When businesses like Google look at libraries, they see potential assets, content, ready to be mined. Built up over centuries at an enormous expenditure of money and labor, library collections can be digitized en masse at relatively little cost. To digitize collections and sell the product in ways that fail to guarantee wide access would be to repeat the mistake that was made when publishers exploited the market for scholarly journals, but on a much greater scale.

Four years ago, Google began digitizing books from research libraries, providing full-text searching and making books in the public domain available on the Internet at no cost to the viewer. Google collected revenue from some discreet advertising attached to the service. Google also digitized an ever-increasing number of library books that were protected by copyright in order to provide search services that displayed small snippets of the text. In September and October 2005, a group of authors and publishers brought a class action suit against Google. In October 2008, the opposing parties announced agreement on a settlement.

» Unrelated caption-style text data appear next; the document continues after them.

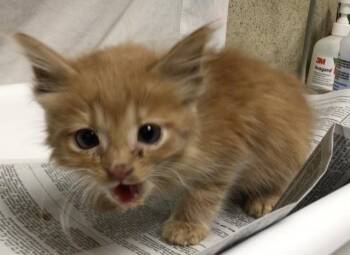 A1834544 -  Domestic Medium Hair Cat for Adoption in Riverside, California - A1834544 | PetCurious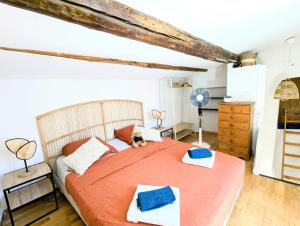 Appartements Le Cauris du pont romain : photos des chambres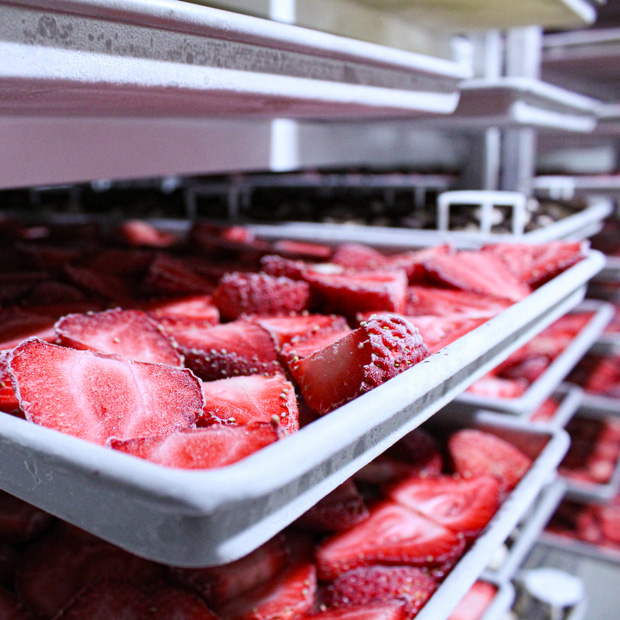 Strawberries on trays in freezer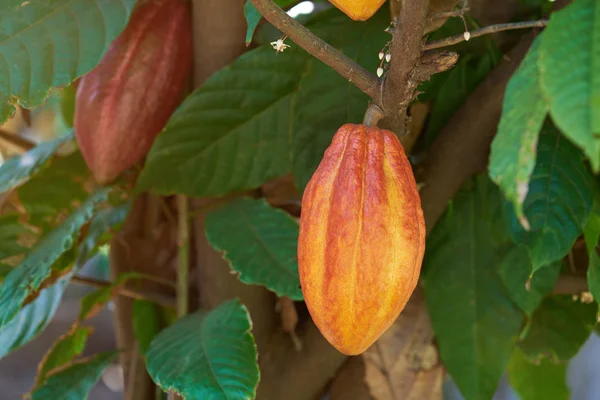 Een gele cacao pod — Stockfoto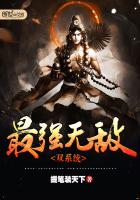 最强无敌双系统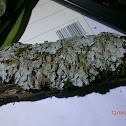 Heterodermia obscurata?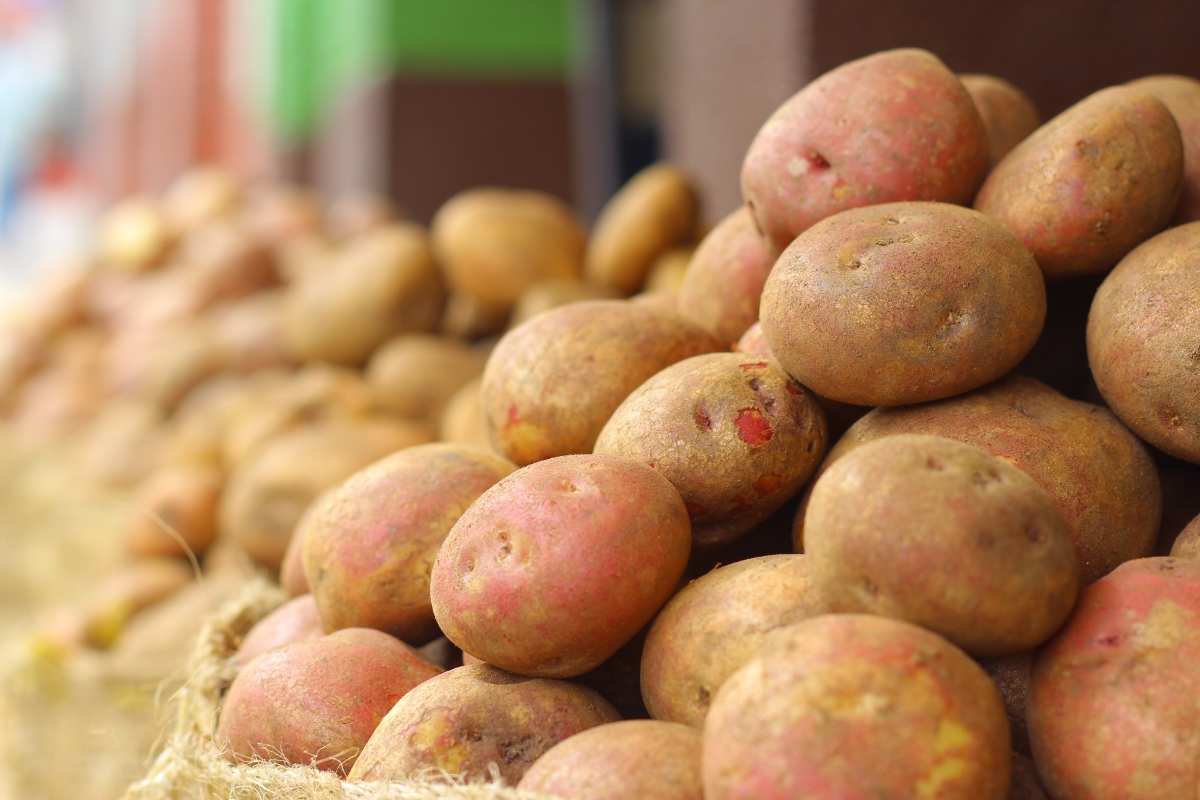 Conservare al meglio le patate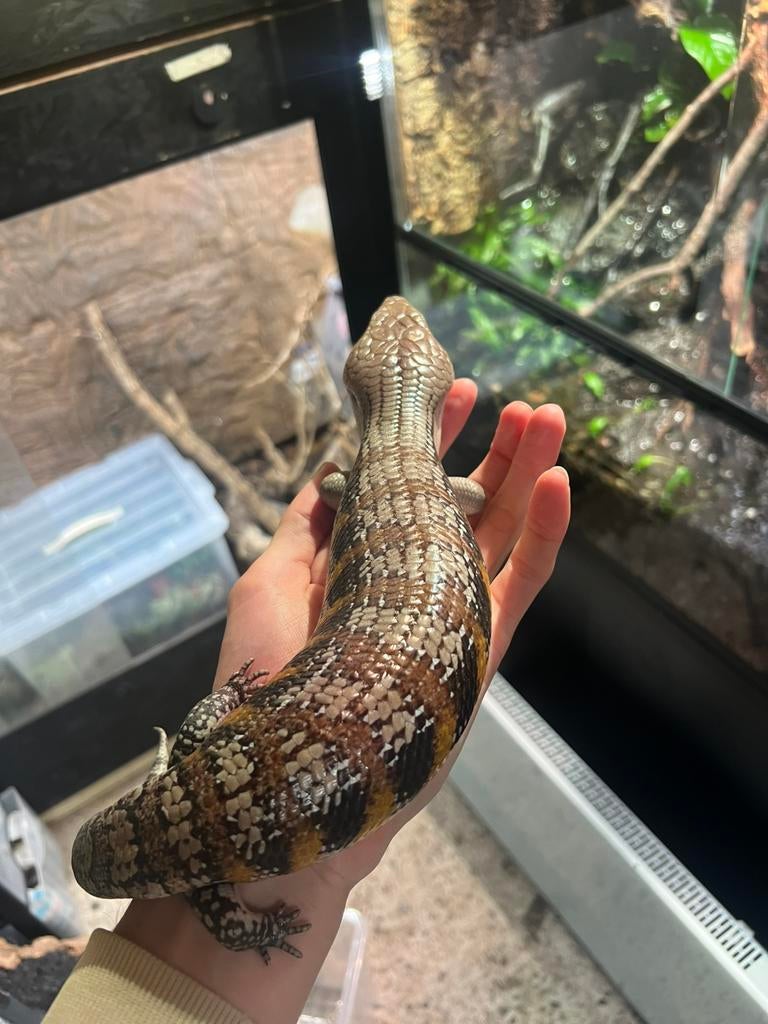 Tiliqua scincoides intermedia, australische blauwtongskink Blue Tongue Skink - unknown for sale from Mellevandop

The settlement creates a registry to represent the interests of the copyright holders. Google will sell access to a gigantic data bank composed primarily of copyrighted, out-of-print books. Organizations will be able to subscribe via an institutional license for access to the data bank. A public access license will make this material available to public libraries. Individuals will be able to access and print out digitized versions of the books by purchasing a consumer license. Google will retain 37 percent of the revenue, and the registry will distribute 63 percent among the copyright holders.

Of the seven million books digitized by November 2008, one million are works in the public domain, one million are in copyright and in print, and five million are in copyright but out of print. Google will continue to make books in the public domain available for users to read, download, and print, free of charge. Many of the books in copyright and in print will not be available in the data bank unless the copyright owners opt to include them. They will be sold as printed books and perhaps also as digitized copies via the consumer license. Most of the books covered by the institutional license are in copyright but our of print.

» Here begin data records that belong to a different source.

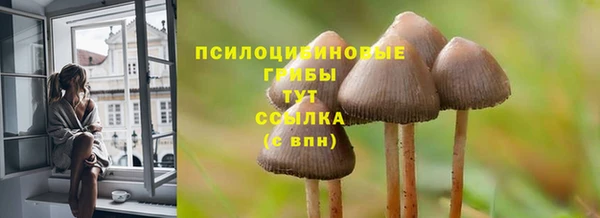гидропоника Богородск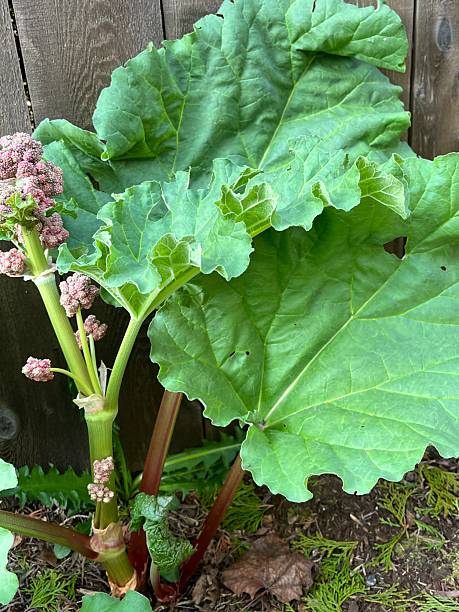 Rhubarb leaves, stalks and flowers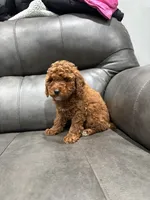 Lily , a female Poodle - Toy  for sale in Philadelphia, PA – 2 of 3
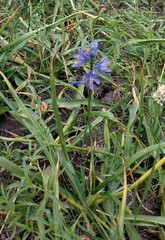 Camassia quamash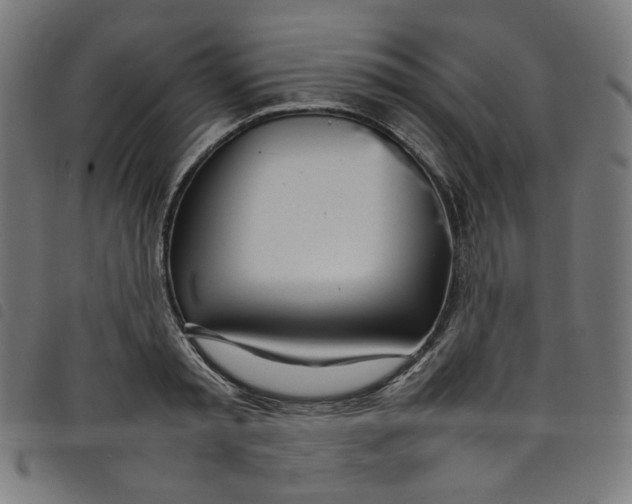 X0000098120797200804251451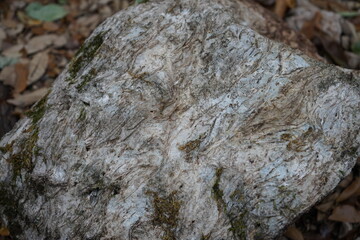 wall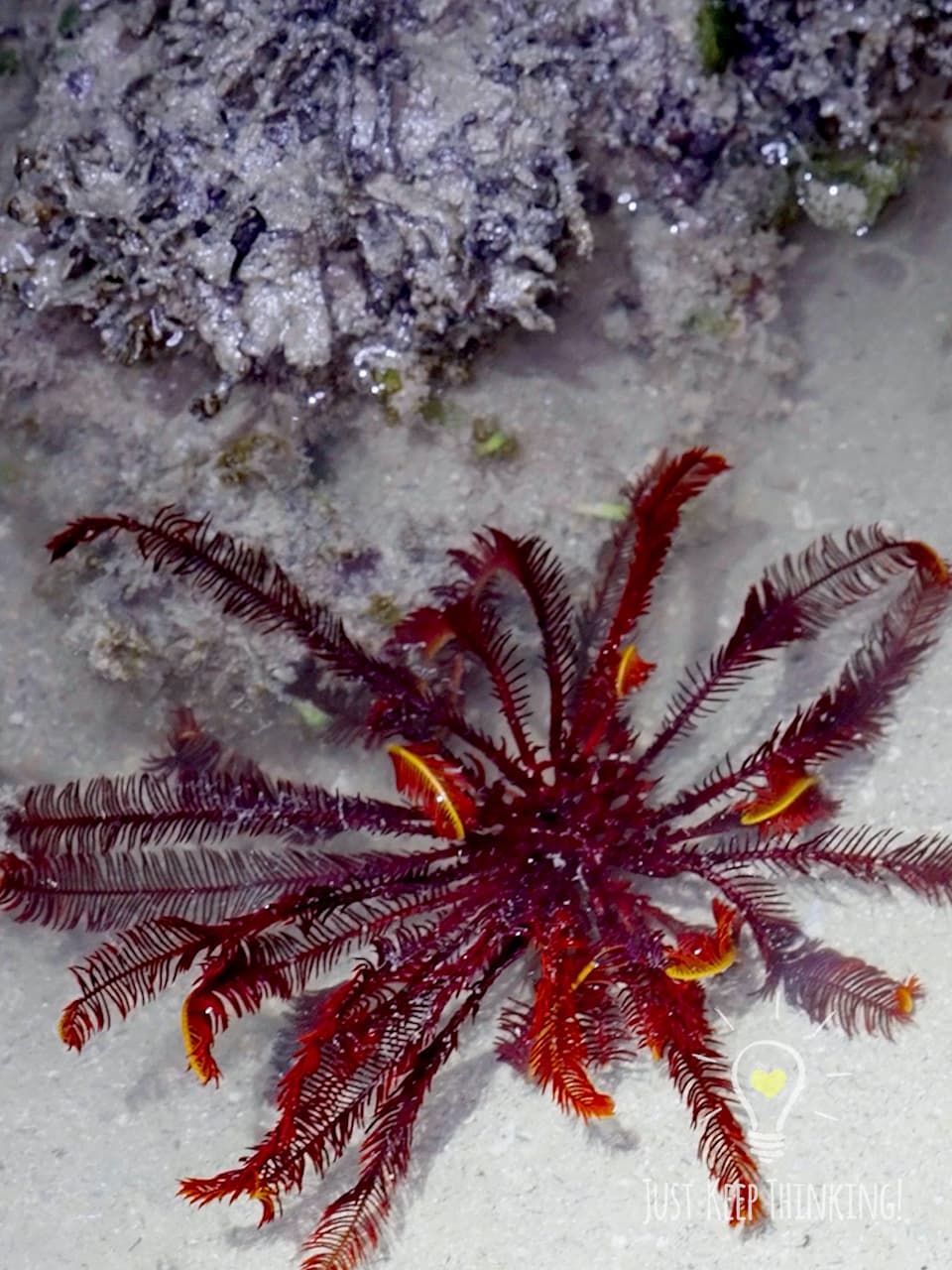 3_Red Feather Star_GradedJKT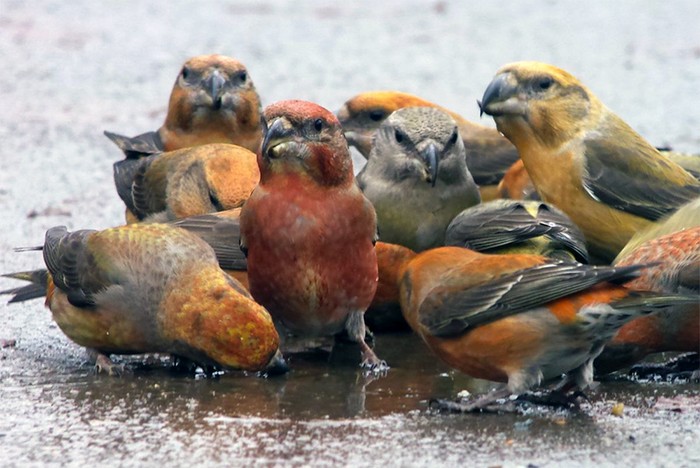 Parrot Crossbill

The proposal could result in the world's largest digital library. Google could also become the world's largest book business. Virtually all books will be brought within the reach of anyone with access to the Internet. Not only will Google bring books to readers, it will also open up extraordinary opportunities for research.

Google did not set out to create a monopoly. But the class action character of the settlement makes Google invulnerable to competition. Most book authors and publishers who own US copyrights are automatically covered by the settlement. No new digitizing enterprise can get off the ground without winning their assent.

This outcome was not anticipated at the outset. We missed a great opportunity. We could have created a National Digital Library. It is too late now. Not only have we failed to realize that possibility, but we are allowing the control of access to information to be determined by a private lawsuit.

Google will enjoy a monopoly of access to information. Google has no serious competitors. Google alone has the wealth to digitize on a massive scale. And having settled with the authors and publishers, it can exploit its financial power from within a protective legal barrier. No new entrepreneurs will be able to digitize books within that fenced-off territory. Only Google will be protected from copyright liability.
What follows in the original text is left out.